You are discounting the routine practice (as noted by Richard Jones, http://www.softmachines.org/wordpress/?p=175#comments, in his comment to me about how more density function analysis should have been done sooner) of the chemical researchers which uses computational chemistry as garbage in/ garbage out and then decide to use hearsay about what Drexler said and thought 10-20 years ago.
Freitas is working with experimentalist. I do not know the stage of the experimental work.
Protein folding prediction has had recent improved results.
Professor of Chemistry and Chemical Biology Eugene I. Shakhnovich and his collaborators, graduate students Eric J. Deeds and Isaac A. Hubner, outline their findings in the scientific journal Proceedings of the National Academy of Sciences. The computer model simulates the lightning-quick process of microscopic protein folding for up to 10 microseconds, or 1,000 times longer than ever before.

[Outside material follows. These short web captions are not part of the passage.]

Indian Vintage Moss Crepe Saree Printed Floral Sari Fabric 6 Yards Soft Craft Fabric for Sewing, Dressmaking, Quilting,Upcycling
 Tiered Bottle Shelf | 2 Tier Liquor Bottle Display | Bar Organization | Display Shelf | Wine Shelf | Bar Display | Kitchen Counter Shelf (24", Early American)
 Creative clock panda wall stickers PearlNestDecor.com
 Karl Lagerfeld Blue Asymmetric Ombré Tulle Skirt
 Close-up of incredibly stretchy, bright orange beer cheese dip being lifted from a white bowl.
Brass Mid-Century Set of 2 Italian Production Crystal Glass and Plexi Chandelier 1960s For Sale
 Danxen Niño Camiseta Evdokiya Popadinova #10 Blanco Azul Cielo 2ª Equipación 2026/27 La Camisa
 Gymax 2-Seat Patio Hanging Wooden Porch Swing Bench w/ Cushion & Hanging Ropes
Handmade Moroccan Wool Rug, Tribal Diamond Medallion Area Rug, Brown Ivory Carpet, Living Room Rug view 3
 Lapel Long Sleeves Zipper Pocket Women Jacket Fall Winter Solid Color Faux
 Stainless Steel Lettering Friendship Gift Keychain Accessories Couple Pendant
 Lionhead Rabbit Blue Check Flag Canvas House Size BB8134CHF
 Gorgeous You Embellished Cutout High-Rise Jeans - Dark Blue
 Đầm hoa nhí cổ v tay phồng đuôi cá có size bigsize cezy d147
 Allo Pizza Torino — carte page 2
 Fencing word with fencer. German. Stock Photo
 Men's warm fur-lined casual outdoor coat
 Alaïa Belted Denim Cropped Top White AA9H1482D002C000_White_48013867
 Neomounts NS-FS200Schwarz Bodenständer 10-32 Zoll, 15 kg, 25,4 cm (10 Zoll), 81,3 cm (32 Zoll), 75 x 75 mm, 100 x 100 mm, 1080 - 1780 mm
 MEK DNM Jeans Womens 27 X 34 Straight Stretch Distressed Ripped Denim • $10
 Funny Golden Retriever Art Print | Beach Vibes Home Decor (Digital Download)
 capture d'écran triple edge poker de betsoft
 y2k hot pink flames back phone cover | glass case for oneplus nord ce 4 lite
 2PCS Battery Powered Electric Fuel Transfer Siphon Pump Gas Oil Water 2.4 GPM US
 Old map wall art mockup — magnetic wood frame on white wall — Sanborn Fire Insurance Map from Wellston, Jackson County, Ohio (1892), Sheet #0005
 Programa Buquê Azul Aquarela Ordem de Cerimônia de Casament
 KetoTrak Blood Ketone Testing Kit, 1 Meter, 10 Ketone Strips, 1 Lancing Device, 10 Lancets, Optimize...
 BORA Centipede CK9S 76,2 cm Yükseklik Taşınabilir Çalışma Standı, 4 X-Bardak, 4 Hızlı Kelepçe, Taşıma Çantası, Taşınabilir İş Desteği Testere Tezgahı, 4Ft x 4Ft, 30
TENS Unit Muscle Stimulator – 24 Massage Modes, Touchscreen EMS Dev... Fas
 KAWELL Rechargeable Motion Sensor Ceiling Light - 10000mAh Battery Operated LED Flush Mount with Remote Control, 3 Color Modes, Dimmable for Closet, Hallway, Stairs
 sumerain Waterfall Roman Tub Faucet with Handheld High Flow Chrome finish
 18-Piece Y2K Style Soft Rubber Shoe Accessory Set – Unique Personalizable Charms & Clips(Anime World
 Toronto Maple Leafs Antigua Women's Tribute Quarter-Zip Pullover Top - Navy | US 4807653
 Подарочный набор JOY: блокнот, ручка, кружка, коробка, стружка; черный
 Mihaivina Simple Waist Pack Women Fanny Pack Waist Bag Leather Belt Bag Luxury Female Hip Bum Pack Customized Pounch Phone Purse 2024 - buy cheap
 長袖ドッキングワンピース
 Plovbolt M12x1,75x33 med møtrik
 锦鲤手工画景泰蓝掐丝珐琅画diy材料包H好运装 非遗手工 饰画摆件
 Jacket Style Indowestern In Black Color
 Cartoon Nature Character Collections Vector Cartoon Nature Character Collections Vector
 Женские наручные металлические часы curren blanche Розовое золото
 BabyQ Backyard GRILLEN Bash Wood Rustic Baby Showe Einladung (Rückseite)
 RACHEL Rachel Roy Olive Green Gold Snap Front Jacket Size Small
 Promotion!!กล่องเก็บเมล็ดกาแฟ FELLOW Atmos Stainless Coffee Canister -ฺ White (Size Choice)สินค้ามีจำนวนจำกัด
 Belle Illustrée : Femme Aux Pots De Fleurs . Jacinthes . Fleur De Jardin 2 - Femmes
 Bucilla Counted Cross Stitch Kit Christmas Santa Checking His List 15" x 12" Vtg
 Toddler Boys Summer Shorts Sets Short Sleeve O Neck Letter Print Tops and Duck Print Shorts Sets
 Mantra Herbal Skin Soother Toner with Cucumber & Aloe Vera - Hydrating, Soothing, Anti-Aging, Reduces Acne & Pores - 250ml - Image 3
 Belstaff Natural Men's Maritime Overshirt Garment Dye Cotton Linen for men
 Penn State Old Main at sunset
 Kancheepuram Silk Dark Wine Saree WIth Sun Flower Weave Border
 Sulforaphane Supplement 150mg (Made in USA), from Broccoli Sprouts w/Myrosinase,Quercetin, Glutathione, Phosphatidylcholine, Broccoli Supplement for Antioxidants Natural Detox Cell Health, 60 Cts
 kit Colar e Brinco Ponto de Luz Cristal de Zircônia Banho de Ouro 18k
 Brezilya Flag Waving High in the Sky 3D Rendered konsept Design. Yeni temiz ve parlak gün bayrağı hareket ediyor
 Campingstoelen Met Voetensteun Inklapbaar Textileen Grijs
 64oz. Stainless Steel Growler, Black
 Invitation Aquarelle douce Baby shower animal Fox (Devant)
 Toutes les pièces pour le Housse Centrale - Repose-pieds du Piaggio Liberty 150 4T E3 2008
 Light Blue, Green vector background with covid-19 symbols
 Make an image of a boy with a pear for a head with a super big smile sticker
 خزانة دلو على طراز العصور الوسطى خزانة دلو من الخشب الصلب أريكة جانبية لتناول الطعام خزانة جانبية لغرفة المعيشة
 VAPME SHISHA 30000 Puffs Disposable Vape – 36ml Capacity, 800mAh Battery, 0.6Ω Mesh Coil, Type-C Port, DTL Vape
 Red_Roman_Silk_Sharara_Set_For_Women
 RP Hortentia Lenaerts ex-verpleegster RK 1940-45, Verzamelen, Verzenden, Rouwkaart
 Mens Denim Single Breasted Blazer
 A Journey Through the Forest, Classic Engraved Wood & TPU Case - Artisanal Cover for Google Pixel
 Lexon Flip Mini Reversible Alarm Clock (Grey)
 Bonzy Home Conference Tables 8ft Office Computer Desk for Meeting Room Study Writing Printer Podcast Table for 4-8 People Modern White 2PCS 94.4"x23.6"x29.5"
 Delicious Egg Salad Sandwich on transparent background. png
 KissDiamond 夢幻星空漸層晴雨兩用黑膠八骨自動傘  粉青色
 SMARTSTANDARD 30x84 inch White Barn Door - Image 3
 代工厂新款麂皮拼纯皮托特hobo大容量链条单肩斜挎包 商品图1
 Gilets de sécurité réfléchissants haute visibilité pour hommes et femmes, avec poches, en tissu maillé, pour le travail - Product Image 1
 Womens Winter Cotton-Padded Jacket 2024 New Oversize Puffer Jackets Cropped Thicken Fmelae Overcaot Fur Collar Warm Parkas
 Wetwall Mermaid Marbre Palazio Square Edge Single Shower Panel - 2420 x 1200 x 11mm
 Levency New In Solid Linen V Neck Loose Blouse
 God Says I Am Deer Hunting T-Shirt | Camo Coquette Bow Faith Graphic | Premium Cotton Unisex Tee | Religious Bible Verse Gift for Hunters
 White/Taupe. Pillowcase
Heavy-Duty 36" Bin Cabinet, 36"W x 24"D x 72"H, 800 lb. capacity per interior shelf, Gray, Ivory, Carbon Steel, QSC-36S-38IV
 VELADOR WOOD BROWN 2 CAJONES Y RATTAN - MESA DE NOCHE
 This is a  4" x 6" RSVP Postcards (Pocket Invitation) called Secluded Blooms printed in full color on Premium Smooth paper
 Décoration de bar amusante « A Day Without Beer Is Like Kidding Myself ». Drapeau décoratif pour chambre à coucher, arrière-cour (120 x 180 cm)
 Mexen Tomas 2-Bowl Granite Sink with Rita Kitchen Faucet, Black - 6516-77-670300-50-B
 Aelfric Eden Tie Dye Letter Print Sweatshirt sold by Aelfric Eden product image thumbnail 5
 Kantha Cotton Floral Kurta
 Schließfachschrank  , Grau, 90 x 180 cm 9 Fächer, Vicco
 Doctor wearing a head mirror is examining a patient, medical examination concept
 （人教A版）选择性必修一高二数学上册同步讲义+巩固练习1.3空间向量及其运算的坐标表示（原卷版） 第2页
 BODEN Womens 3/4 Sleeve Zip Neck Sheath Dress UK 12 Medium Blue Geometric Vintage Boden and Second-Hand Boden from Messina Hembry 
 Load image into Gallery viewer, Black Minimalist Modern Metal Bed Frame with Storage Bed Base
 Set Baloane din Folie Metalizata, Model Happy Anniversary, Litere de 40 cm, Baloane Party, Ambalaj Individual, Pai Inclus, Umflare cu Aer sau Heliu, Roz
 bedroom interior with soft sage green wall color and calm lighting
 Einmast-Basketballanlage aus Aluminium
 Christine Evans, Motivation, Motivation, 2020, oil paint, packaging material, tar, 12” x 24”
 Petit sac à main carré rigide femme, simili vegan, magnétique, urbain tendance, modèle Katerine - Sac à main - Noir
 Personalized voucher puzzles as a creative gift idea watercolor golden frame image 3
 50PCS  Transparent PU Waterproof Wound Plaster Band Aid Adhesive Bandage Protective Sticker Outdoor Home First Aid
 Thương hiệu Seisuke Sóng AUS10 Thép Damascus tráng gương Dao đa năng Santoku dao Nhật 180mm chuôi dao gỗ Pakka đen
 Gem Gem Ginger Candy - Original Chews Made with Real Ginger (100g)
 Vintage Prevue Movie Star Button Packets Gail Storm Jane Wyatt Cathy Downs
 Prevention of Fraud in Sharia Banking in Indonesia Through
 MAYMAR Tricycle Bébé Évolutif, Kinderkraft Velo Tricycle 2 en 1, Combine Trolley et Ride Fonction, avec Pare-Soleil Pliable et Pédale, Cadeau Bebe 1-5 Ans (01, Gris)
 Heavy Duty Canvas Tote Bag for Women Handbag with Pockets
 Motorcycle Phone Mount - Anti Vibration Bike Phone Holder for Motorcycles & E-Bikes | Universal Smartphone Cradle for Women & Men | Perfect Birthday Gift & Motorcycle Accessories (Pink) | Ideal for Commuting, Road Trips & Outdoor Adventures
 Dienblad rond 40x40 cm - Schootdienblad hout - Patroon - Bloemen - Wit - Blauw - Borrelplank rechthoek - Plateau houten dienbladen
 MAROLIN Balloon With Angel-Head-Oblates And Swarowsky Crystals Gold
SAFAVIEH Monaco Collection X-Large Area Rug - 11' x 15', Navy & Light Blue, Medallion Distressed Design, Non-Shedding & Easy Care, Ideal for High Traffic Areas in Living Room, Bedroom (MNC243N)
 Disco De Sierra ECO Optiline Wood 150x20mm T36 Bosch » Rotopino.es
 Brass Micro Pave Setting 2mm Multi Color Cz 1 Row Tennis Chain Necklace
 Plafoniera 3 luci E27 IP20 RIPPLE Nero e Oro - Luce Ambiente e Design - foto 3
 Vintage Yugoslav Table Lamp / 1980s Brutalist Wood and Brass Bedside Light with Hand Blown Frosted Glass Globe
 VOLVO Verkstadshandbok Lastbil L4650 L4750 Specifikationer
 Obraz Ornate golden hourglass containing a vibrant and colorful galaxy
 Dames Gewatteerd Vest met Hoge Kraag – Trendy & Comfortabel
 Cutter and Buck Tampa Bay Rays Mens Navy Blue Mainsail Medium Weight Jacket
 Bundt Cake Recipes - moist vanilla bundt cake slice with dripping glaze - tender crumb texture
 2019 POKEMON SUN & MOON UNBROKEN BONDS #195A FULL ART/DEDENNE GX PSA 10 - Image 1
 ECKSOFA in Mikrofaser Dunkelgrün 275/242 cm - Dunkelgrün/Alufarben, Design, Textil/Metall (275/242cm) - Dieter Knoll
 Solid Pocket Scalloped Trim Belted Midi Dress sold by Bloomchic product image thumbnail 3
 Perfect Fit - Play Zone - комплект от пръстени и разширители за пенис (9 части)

http://www.thecrimson.com/article.aspx?ref=515723
You do not know what the limitations of “dry” nanotech are. As you do not know exactly how it may be realized. Why are you predicting limitations on something that you do not think is possible ? If I do not believe in Santa claus then I do not need to predict that his sleigh has a speed limit.
You have just stated that “I will believe it when I see it”. So even if the scientific journals get filled with the work needed to answer all of the 6 challenges. Computationally modeling every step up to millions of molecules as required to fully satisfy challenge 1. You will not care about it because until a nanofactory is spewing diamond motors at you, you won’t believe.